Start of Block
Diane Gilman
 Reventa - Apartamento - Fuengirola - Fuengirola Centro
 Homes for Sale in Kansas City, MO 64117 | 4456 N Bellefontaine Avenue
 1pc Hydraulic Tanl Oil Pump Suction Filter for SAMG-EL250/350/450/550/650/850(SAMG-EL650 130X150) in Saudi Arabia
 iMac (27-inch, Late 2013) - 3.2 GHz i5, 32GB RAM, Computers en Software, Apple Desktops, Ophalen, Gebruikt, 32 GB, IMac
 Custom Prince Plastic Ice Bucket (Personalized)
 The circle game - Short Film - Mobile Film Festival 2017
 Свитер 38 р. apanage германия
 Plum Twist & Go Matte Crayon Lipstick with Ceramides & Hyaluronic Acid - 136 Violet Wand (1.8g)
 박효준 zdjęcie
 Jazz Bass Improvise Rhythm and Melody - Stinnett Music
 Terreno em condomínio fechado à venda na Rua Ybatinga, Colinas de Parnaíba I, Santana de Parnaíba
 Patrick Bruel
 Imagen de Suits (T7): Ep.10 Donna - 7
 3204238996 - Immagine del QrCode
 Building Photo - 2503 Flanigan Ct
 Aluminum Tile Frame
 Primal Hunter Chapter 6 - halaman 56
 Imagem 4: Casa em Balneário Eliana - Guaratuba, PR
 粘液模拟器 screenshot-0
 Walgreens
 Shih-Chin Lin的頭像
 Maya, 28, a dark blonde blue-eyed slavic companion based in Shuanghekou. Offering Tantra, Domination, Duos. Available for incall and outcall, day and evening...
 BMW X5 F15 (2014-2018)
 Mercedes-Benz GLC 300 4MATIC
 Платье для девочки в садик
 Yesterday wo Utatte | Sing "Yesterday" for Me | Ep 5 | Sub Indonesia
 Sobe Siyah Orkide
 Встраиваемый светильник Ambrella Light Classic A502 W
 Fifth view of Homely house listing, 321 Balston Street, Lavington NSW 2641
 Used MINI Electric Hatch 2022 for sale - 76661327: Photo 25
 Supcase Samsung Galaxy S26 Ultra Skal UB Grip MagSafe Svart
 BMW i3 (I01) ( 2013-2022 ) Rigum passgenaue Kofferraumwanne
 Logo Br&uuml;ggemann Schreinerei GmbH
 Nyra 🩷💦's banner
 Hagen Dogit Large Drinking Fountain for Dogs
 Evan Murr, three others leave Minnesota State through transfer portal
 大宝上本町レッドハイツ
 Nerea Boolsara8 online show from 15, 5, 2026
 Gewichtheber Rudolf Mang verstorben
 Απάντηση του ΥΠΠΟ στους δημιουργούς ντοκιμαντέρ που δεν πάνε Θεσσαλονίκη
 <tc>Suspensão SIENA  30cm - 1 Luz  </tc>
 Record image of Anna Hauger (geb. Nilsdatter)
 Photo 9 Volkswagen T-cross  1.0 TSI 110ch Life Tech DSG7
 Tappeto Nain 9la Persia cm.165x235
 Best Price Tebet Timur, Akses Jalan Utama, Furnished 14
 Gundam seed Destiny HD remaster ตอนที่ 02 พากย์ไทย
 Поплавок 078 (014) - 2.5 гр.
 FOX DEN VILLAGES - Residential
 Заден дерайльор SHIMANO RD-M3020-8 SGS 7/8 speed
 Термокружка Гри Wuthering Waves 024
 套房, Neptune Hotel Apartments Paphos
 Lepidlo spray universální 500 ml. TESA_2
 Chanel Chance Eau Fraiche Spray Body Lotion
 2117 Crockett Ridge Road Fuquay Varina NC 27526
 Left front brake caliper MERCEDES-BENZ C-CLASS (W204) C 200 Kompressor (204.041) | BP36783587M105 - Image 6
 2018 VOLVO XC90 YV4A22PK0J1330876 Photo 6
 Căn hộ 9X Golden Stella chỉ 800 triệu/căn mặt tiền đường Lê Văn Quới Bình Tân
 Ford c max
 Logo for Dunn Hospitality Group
End of Block
- _Exercise_:
Provide all the records again, word for word.

- _Written response_:
Diane Gilman
 Reventa - Apartamento - Fuengirola - Fuengirola Centro
 Homes for Sale in Kansas City, MO 64117 | 4456 N Bellefontaine Avenue
 1pc Hydraulic Tanl Oil Pump Suction Filter for SAMG-EL250/350/450/550/650/850(SAMG-EL650 130X150) in Saudi Arabia
 iMac (27-inch, Late 2013) - 3.2 GHz i5, 32GB RAM, Computers en Software, Apple Desktops, Ophalen, Gebruikt, 32 GB, IMac
 Custom Prince Plastic Ice Bucket (Personalized)
 The circle game - Short Film - Mobile Film Festival 2017
 Свитер 38 р. apanage германия
 Plum Twist & Go Matte Crayon Lipstick with Ceramides & Hyaluronic Acid - 136 Violet Wand (1.8g)
 박효준 zdjęcie
 Jazz Bass Improvise Rhythm and Melody - Stinnett Music
 Terreno em condomínio fechado à venda na Rua Ybatinga, Colinas de Parnaíba I, Santana de Parnaíba
 Patrick Bruel
 Imagen de Suits (T7): Ep.10 Donna - 7
 3204238996 - Immagine del QrCode
 Building Photo - 2503 Flanigan Ct
 Aluminum Tile Frame
 Primal Hunter Chapter 6 - halaman 56
 Imagem 4: Casa em Balneário Eliana - Guaratuba, PR
 粘液模拟器 screenshot-0
 Walgreens
 Shih-Chin Lin的頭像
 Maya, 28, a dark blonde blue-eyed slavic companion based in Shuanghekou. Offering Tantra, Domination, Duos. Available for incall and outcall, day and evening...
 BMW X5 F15 (2014-2018)
 Mercedes-Benz GLC 300 4MATIC
 Платье для девочки в садик
 Yesterday wo Utatte | Sing "Yesterday" for Me | Ep 5 | Sub Indonesia
 Sobe Siyah Orkide
 Встраиваемый светильник Ambrella Light Classic A502 W
 Fifth view of Homely house listing, 321 Balston Street, Lavington NSW 2641
 Used MINI Electric Hatch 2022 for sale - 76661327: Photo 25
 Supcase Samsung Galaxy S26 Ultra Skal UB Grip MagSafe Svart
 BMW i3 (I01) ( 2013-2022 ) Rigum passgenaue Kofferraumwanne
 Logo Br&uuml;ggemann Schreinerei GmbH
 Nyra 🩷💦's banner
 Hagen Dogit Large Drinking Fountain for Dogs
 Evan Murr, three others leave Minnesota State through transfer portal
 大宝上本町レッドハイツ
 Nerea Boolsara8 online show from 15, 5, 2026
 Gewichtheber Rudolf Mang verstorben
 Απάντηση του ΥΠΠΟ στους δημιουργούς ντοκιμαντέρ που δεν πάνε Θεσσαλονίκη
 <tc>Suspensão SIENA  30cm - 1 Luz  </tc>
 Record image of Anna Hauger (geb. Nilsdatter)
 Photo 9 Volkswagen T-cross  1.0 TSI 110ch Life Tech DSG7
 Tappeto Nain 9la Persia cm.165x235
 Best Price Tebet Timur, Akses Jalan Utama, Furnished 14
 Gundam seed Destiny HD remaster ตอนที่ 02 พากย์ไทย
 Поплавок 078 (014) - 2.5 гр.
 FOX DEN VILLAGES - Residential
 Заден дерайльор SHIMANO RD-M3020-8 SGS 7/8 speed
 Термокружка Гри Wuthering Waves 024
 套房, Neptune Hotel Apartments Paphos
 Lepidlo spray universální 500 ml. TESA_2
 Chanel Chance Eau Fraiche Spray Body Lotion
 2117 Crockett Ridge Road Fuquay Varina NC 27526
 Left front brake caliper MERCEDES-BENZ C-CLASS (W204) C 200 Kompressor (204.041) | BP36783587M105 - Image 6
 2018 VOLVO XC90 YV4A22PK0J1330876 Photo 6
 Căn hộ 9X Golden Stella chỉ 800 triệu/căn mặt tiền đường Lê Văn Quới Bình Tân
 Ford c max
 Logo for Dunn Hospitality Group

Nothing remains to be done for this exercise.